- Assignment
Look below for the line that contains "2015 Lincoln MKZ - Image 26", then copy it and each following line exactly, through and including the line that contains "Greentree Inn Jiangsu".

[Source data]

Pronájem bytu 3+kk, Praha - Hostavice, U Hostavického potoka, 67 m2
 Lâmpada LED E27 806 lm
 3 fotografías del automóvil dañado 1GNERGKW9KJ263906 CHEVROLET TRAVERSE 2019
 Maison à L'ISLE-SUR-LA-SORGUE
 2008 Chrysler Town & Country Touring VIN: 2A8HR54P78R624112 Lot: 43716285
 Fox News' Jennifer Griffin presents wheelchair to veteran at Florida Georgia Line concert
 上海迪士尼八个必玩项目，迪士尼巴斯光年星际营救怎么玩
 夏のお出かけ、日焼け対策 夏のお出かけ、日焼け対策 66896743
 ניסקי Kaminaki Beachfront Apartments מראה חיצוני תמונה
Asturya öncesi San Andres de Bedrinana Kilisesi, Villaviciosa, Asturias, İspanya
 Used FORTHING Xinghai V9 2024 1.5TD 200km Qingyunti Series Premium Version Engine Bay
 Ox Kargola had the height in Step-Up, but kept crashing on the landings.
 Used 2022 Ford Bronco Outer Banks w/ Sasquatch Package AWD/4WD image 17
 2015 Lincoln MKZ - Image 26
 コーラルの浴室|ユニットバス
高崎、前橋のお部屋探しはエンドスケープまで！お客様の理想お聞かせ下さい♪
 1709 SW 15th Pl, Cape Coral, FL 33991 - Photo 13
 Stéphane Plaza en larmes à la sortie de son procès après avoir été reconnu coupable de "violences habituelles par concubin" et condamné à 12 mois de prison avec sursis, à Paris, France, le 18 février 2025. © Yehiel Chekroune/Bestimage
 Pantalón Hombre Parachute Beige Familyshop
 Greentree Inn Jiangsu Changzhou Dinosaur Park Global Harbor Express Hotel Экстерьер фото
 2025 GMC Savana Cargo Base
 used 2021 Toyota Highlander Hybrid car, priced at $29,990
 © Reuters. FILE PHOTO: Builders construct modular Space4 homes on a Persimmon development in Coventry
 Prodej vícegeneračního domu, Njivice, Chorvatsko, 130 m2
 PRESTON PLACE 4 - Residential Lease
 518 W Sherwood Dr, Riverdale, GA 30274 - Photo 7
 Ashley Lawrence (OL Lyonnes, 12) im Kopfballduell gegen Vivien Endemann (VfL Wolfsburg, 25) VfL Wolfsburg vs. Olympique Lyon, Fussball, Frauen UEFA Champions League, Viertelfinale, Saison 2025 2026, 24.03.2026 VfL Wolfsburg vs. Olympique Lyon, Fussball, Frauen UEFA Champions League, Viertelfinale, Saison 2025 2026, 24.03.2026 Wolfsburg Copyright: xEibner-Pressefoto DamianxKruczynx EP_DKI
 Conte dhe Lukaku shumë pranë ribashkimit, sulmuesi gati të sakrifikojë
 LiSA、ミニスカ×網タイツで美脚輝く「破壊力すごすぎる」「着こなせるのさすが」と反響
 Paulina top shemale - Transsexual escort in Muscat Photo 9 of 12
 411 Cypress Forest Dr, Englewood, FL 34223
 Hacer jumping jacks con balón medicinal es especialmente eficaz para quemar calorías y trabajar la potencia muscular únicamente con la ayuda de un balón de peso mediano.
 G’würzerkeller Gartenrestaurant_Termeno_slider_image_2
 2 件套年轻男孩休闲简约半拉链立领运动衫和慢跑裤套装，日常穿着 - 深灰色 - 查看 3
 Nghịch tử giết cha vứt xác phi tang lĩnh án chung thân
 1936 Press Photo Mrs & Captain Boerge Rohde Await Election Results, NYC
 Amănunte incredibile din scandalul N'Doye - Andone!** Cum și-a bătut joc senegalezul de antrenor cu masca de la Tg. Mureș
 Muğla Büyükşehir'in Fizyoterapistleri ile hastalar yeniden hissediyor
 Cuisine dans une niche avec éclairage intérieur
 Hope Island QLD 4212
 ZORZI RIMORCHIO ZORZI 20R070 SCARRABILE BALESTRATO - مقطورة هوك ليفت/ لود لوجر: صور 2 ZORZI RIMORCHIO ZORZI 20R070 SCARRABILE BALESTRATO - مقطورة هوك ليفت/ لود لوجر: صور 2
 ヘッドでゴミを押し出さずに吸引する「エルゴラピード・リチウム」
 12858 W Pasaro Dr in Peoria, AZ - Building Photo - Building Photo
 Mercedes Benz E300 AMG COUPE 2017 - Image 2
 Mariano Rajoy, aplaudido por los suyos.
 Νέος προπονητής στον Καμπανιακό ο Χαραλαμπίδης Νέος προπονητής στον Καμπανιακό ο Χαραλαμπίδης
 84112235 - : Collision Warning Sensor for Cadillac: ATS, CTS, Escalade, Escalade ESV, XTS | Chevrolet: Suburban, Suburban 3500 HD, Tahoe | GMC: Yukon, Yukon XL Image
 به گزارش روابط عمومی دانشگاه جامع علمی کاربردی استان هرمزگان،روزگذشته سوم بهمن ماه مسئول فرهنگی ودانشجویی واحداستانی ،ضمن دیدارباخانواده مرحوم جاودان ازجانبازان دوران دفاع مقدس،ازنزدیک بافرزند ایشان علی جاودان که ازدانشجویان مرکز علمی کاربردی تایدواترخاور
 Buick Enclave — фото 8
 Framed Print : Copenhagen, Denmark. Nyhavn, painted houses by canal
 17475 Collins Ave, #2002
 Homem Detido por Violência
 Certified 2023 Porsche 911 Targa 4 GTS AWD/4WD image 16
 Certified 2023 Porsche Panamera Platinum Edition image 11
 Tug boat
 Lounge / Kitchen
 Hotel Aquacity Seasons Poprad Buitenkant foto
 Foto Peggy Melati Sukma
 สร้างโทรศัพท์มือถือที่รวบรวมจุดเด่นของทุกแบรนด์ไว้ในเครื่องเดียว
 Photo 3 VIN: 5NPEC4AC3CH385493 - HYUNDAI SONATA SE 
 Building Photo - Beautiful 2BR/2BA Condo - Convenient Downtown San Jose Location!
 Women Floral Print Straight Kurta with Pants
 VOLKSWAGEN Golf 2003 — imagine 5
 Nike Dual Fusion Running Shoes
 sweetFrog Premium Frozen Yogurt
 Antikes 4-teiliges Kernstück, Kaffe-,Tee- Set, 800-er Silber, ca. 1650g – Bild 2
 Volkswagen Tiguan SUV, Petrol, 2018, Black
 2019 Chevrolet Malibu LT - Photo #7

- Written response
 2015 Lincoln MKZ - Image 26
 コーラルの浴室|ユニットバス
高崎、前橋のお部屋探しはエンドスケープまで！お客様の理想お聞かせ下さい♪
 1709 SW 15th Pl, Cape Coral, FL 33991 - Photo 13
 Stéphane Plaza en larmes à la sortie de son procès après avoir été reconnu coupable de "violences habituelles par concubin" et condamné à 12 mois de prison avec sursis, à Paris, France, le 18 février 2025. © Yehiel Chekroune/Bestimage
 Pantalón Hombre Parachute Beige Familyshop
 Greentree Inn Jiangsu Changzhou Dinosaur Park Global Harbor Express Hotel Экстерьер фото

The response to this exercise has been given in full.